[Stored records]

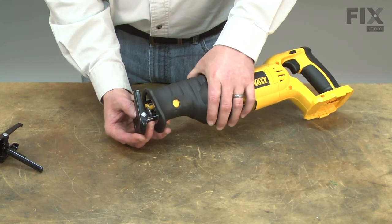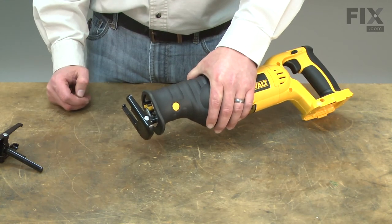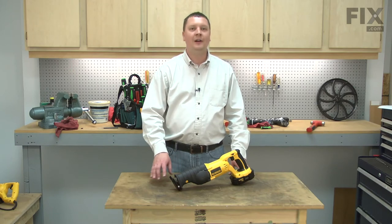Set the proper depth, release the button, and it's ready to go. That's how simple it is to install a new shoe assembly on your reciprocating saw.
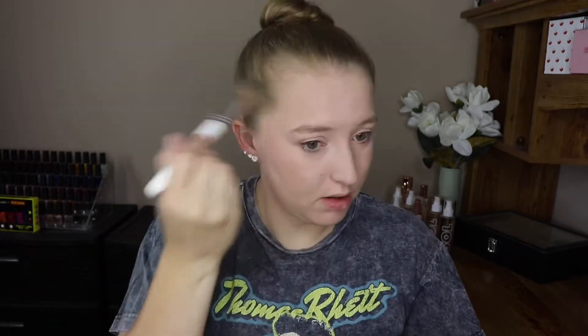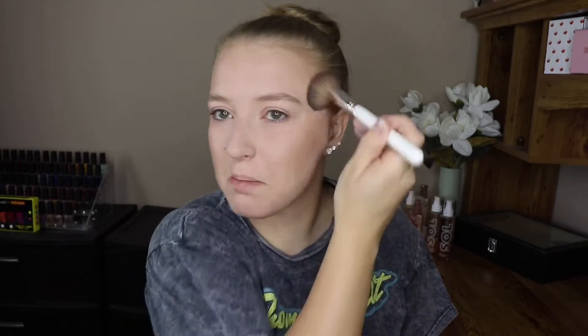Now I'm just going to go in with this Flower Beauty Heat Wave Bronzer to quickly bronze up the face. I just make sure that I get it all up in my hairline to make it look a little bit more natural. Then using the same brush, I'm going to go in with a blush as well — this is the Milani Luminoso Blush. I just quickly go over where I put that bronzer and kind of mesh it together. I am going to go back in with that bronzer and just put a little bit in my crease — not a lot at all, I just want a little bit of dimension.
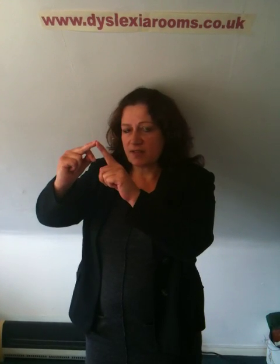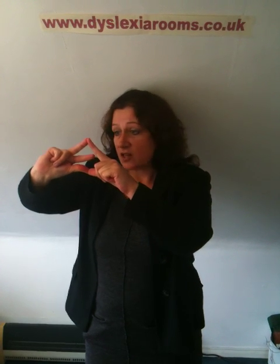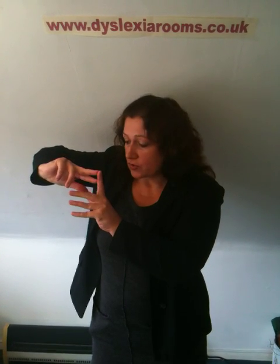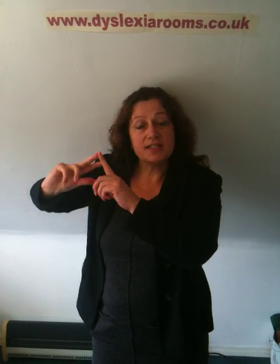Just for clarification, I'll work with 7 times 8 for you. 7 times 8. Stick my fingers together, make an arch. Every finger that's part of that arch is worth 10, and there are 5 of them: 10, 20, 30, 40, 50. See what we have left? 2 lots of 3 — 2 times 3 is 6. Answer: 56.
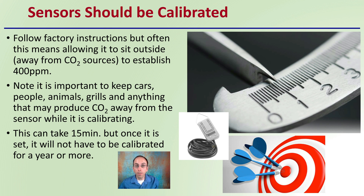The calibration process can take about 15 minutes, but once it is set, the sensor will not have to be recalibrated for a year or more. So keep it in the isolated location for at least that 15-minute period.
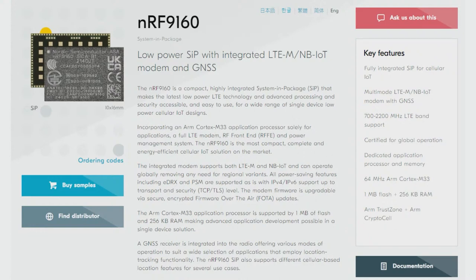The NRF9160 supports LTE-M and NB-IoT — two cellular networks — with 5G and GNSS, so GPS, GLONASS, BeiDou, or whatever satellite systems they support. All of that is integrated together with, as you can see on the right, a 64 MHz ARM Cortex-M33 — a nice, fast processor — 1 megabyte of flash, 256K of RAM, plus TrustZone. So you can run Zephyr RTOS or similar on the board, do cellular, and it's all very thin and compact.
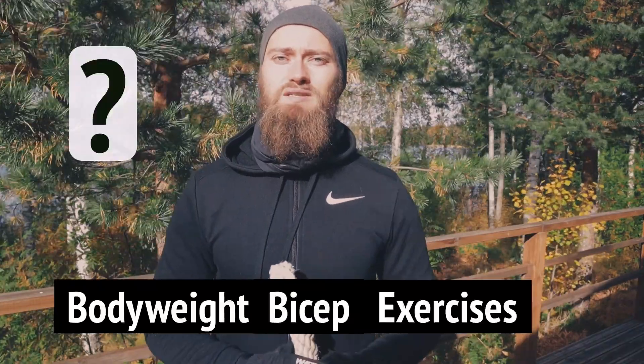What are the best bodyweight bicep exercises? Well, that's what this series is about — to teach you the 9 most effective bodyweight bicep exercises to build those superhero biceps. Stick around to find out more.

**PROMPT**
Nothing but an exact copy of the data, without pictures, should be returned.

**OUTPUT**
Set the proper depth, release the button, and it's ready to go. That's how simple it is to install a new shoe assembly on your reciprocating saw.
Now I'm just going to go in with this Flower Beauty Heat Wave Bronzer to quickly bronze up the face. I just make sure that I get it all up in my hairline to make it look a little bit more natural. Then using the same brush, I'm going to go in with a blush as well — this is the Milani Luminoso Blush. I just quickly go over where I put that bronzer and kind of mesh it together. I am going to go back in with that bronzer and just put a little bit in my crease — not a lot at all, I just want a little bit of dimension.
Just for clarification, I'll work with 7 times 8 for you. 7 times 8. Stick my fingers together, make an arch. Every finger that's part of that arch is worth 10, and there are 5 of them: 10, 20, 30, 40, 50. See what we have left? 2 lots of 3 — 2 times 3 is 6. Answer: 56.
The calibration process can take about 15 minutes, but once it is set, the sensor will not have to be recalibrated for a year or more. So keep it in the isolated location for at least that 15-minute period.
The NRF9160 supports LTE-M and NB-IoT — two cellular networks — with 5G and GNSS, so GPS, GLONASS, BeiDou, or whatever satellite systems they support. All of that is integrated together with, as you can see on the right, a 64 MHz ARM Cortex-M33 — a nice, fast processor — 1 megabyte of flash, 256K of RAM, plus TrustZone. So you can run Zephyr RTOS or similar on the board, do cellular, and it's all very thin and compact.
What are the best bodyweight bicep exercises? Well, that's what this series is about — to teach you the 9 most effective bodyweight bicep exercises to build those superhero biceps. Stick around to find out more.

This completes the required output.